Partial loss of IPv4 Internet Connectivity in RZOB

Incident Report for Flying Circus

Resolved

We have solved the issue which manifested sporadically in two ways:

1. DNS queries that required our border routers to retrieve data from the internet timed out
2. Traffic from VMs to the internet that required NAT timed out

The issue was caused by a new transfer network that was introduced in the maintenance earlier today. It was generally carrying traffic to our data center, but traffic destined for addresses on the network itself was lost.

Our routers dynamically used transfer net addresses when sending traffic to the outside world (i.e. for DNS and NAT as described above). To resolve the issue we have changed our router configs to use source addresses from our networks which are properly routed.

We've tested the configuration in the redundant configuration using fail-overs and have seen the issues on affected machines subside.

We're sorry for the outage.

Posted Jul 09, 2025 - 00:07 CEST

Update

We have achieved a semi-stable routing state again, where connectivity has mainly been restored.
DNS resolution within RZOB is currently not stable.
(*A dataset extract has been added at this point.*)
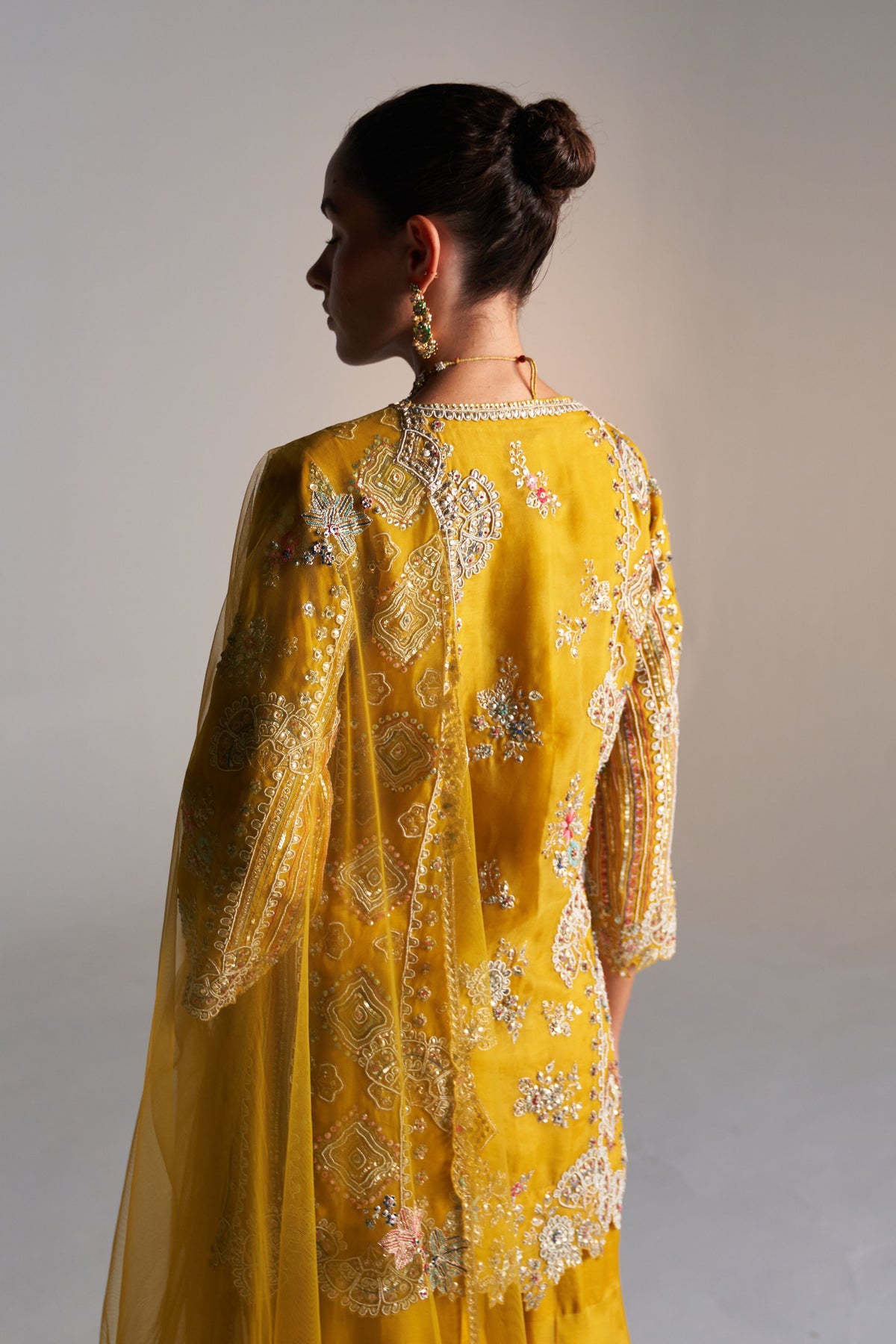 Honey Gold Embroidered Sharara Set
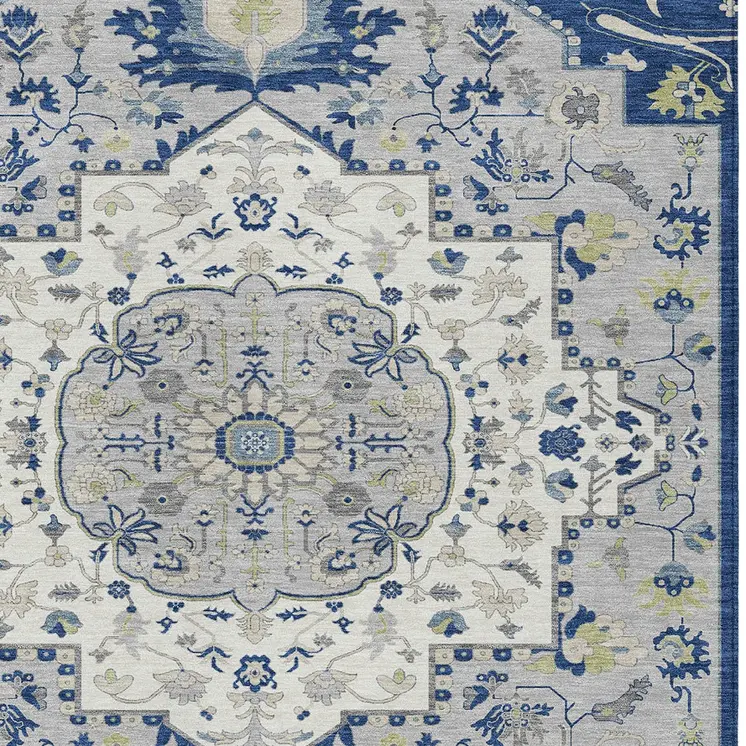 5' X 8' Navy Blue Ivory And Gray Oriental Washable Indoor Outdoor Area Rug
Posted Jul 08, 2025 - 23:16 CEST

Investigating

Unfortunately, our triaging attempt caused additional connectivity issues, now also via IPv6. These issues only affect some machines, but the underlying cause is not identified yet.

Posted Jul 08, 2025 - 23:10 CEST

Identified

Due to the changes in the announced RZOB network uplink maintenance, the RZOB data centre lost some of its IPv4 connectivity.

We are triaging this by reverting the routing changes to the state before the maintenance right now to restore IPv4 connectivity.

Note: The revert itself will also briefly interrupt the data centre connectivity again.

Posted Jul 08, 2025 - 23:05 CEST

This incident affected: RZOB (production) (Network and Internet uplink).